• [Aim of the task]: Every entry that follows is to be set down exactly, with its pictures omitted.

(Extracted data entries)
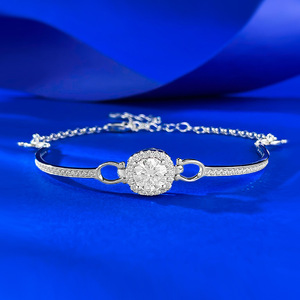 <span class=keywords><strong>Pulsera</strong></span> <span class=keywords><strong>de</strong></span> eslabones con moissanita <span class=keywords><strong>de</strong></span> 1,2 quilates, elegante y con estilo, chapada en rodio, plata <span class=keywords><strong>de</strong></span> ley 925, engaste <span class=keywords><strong>de</strong></span> garra perfecto - Product Image 2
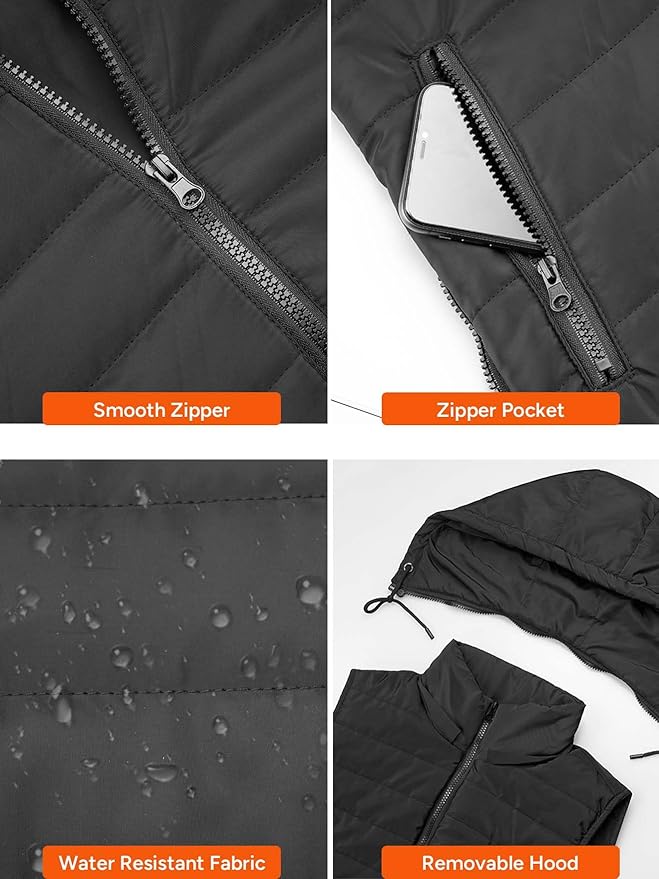 DR.PREPARE Heated Vest, Unisex Winter Hooded Heated Vests Outerwear for Men Women, Lightweight USB Electric Heated Clothing Vest with 3 Heating Levels, Adjustable Size (Battery Pack Not Included)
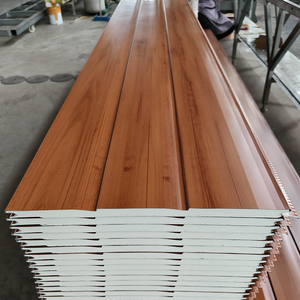 Pannello Sandwich <span class=keywords><strong>in</strong></span> Poliuretano <span class=keywords><strong>per</strong></span> Pareti con Rivestimento Metallico Effetto <span class=keywords><strong>Legno</strong></span> e Isolamento Termico - Product Image 3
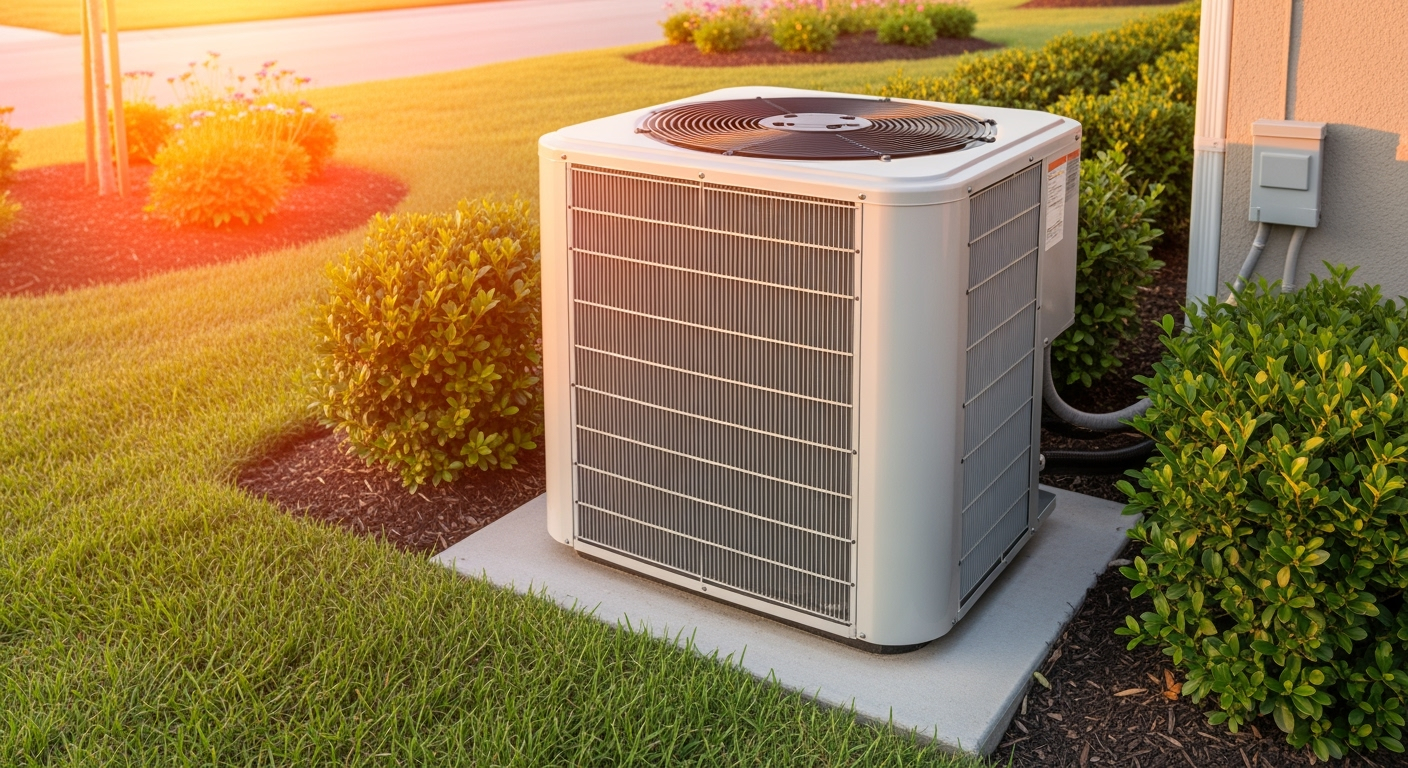 Air conditioner unit beside green bushes.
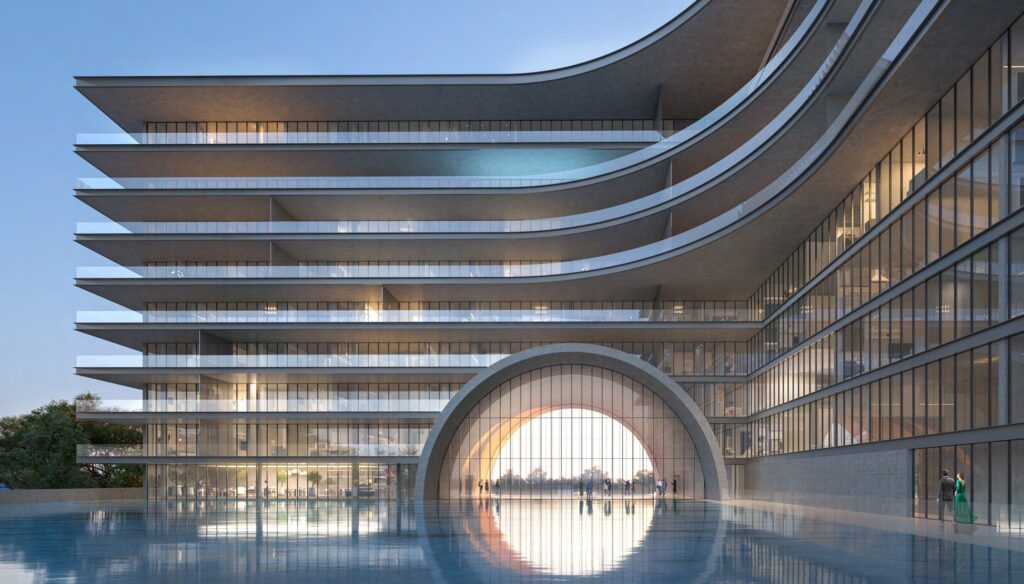 Stacked terraces and arched entrance at Armani Beach Residences, Palm Jumeirah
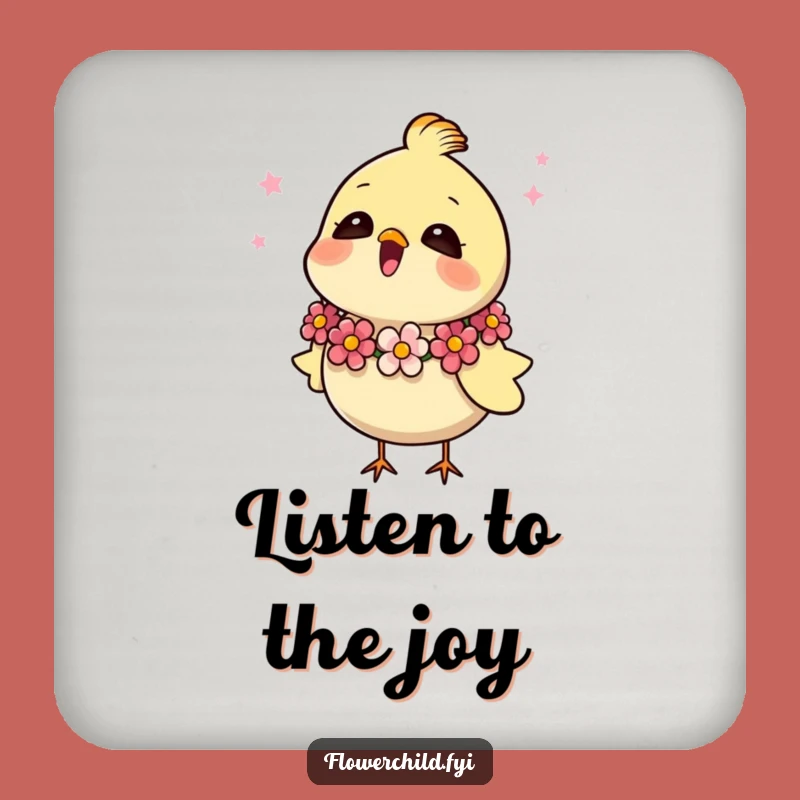 Funny Bird Garland Coaster: Protect Surfaces with Singing, Floral Charm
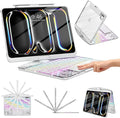 TSQQST Clear Wireless Keyboard Case for iPad Pro 11 Inch (M5/M4) 2025/2024 with Pencil Holder & Multi-Touch Trackpad, Visible PCB, 3-Brightness & 7-Color Backlight, 360° Rotating Stand, White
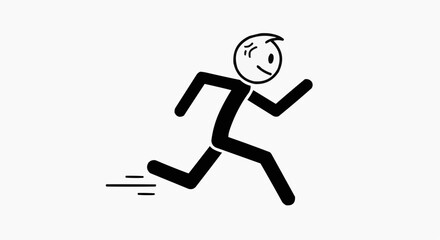 Fototapeta premium A stick figure running with a determined expression, showcasing movement and energy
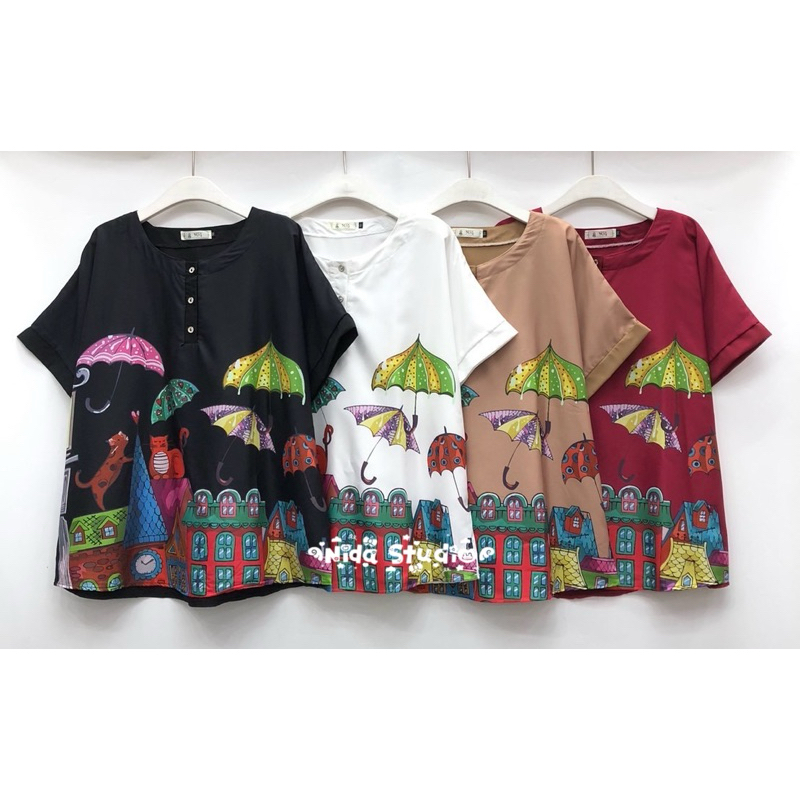 เสื้อคอกลมแขนสั้น ผ้าไหมอิตาลีพิมพ์ลาย คอกระดุม ใส่สบาย ฟรีไซส์ ไซส์ใหญ่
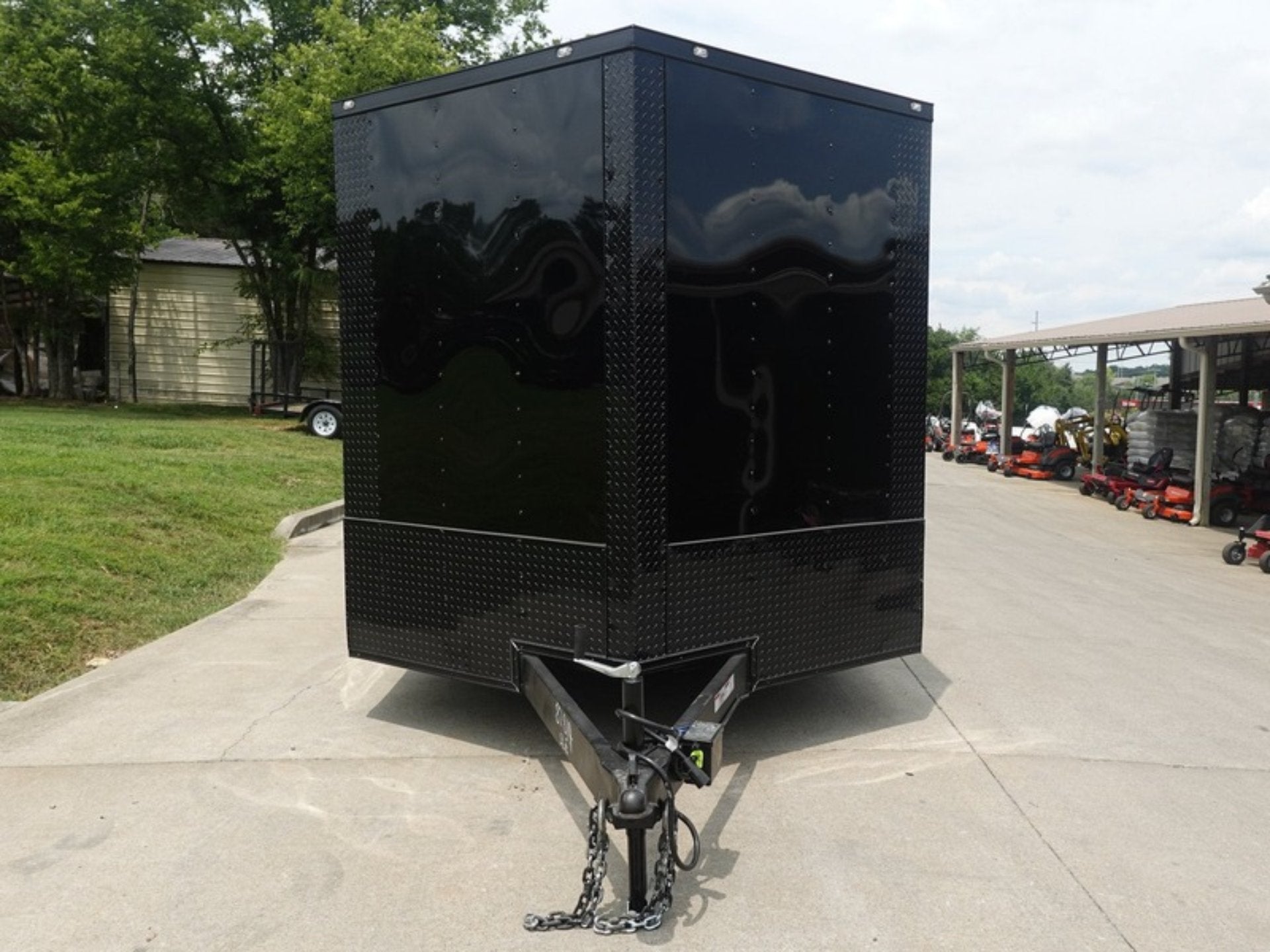 8.5×24 Black W/Black Out Hybrid Enclosed Trailer V-Nose (2) 7,000lb With Rails - Image 3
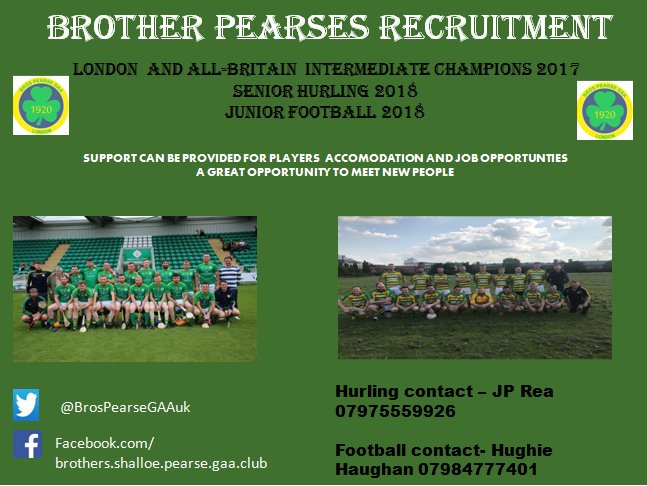 <a href="/BrosPearseGAAuk/">Brothers Pearse, London</a> @LONDAINGAA <a href="/buff_egan/">Buff Egan</a> <a href="/theirishworld/">the Irish World</a> @conorkennedy99 <a href="/ballsdotie/">Balls.ie</a> <a href="/BPCGAA/">Britain GAA</a> <a href="/HSukgaa/">Hoganstand UK</a> <a href="/peegan21/">Màc Aogain</a> <a href="/AIB_GAA/">AIB_GAA</a>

• [Output of the exercise]:
 <span class=keywords><strong>Pulsera</strong></span> <span class=keywords><strong>de</strong></span> eslabones con moissanita <span class=keywords><strong>de</strong></span> 1,2 quilates, elegante y con estilo, chapada en rodio, plata <span class=keywords><strong>de</strong></span> ley 925, engaste <span class=keywords><strong>de</strong></span> garra perfecto - Product Image 2
 DR.PREPARE Heated Vest, Unisex Winter Hooded Heated Vests Outerwear for Men Women, Lightweight USB Electric Heated Clothing Vest with 3 Heating Levels, Adjustable Size (Battery Pack Not Included)
 Pannello Sandwich <span class=keywords><strong>in</strong></span> Poliuretano <span class=keywords><strong>per</strong></span> Pareti con Rivestimento Metallico Effetto <span class=keywords><strong>Legno</strong></span> e Isolamento Termico - Product Image 3
 Air conditioner unit beside green bushes.
 Stacked terraces and arched entrance at Armani Beach Residences, Palm Jumeirah
 Funny Bird Garland Coaster: Protect Surfaces with Singing, Floral Charm
 TSQQST Clear Wireless Keyboard Case for iPad Pro 11 Inch (M5/M4) 2025/2024 with Pencil Holder & Multi-Touch Trackpad, Visible PCB, 3-Brightness & 7-Color Backlight, 360° Rotating Stand, White
 Fototapeta premium A stick figure running with a determined expression, showcasing movement and energy
 เสื้อคอกลมแขนสั้น ผ้าไหมอิตาลีพิมพ์ลาย คอกระดุม ใส่สบาย ฟรีไซส์ ไซส์ใหญ่
 8.5×24 Black W/Black Out Hybrid Enclosed Trailer V-Nose (2) 7,000lb With Rails - Image 3
 <a href="/BrosPearseGAAuk/">Brothers Pearse, London</a> @LONDAINGAA <a href="/buff_egan/">Buff Egan</a> <a href="/theirishworld/">the Irish World</a> @conorkennedy99 <a href="/ballsdotie/">Balls.ie</a> <a href="/BPCGAA/">Britain GAA</a> <a href="/HSukgaa/">Hoganstand UK</a> <a href="/peegan21/">Màc Aogain</a> <a href="/AIB_GAA/">AIB_GAA</a>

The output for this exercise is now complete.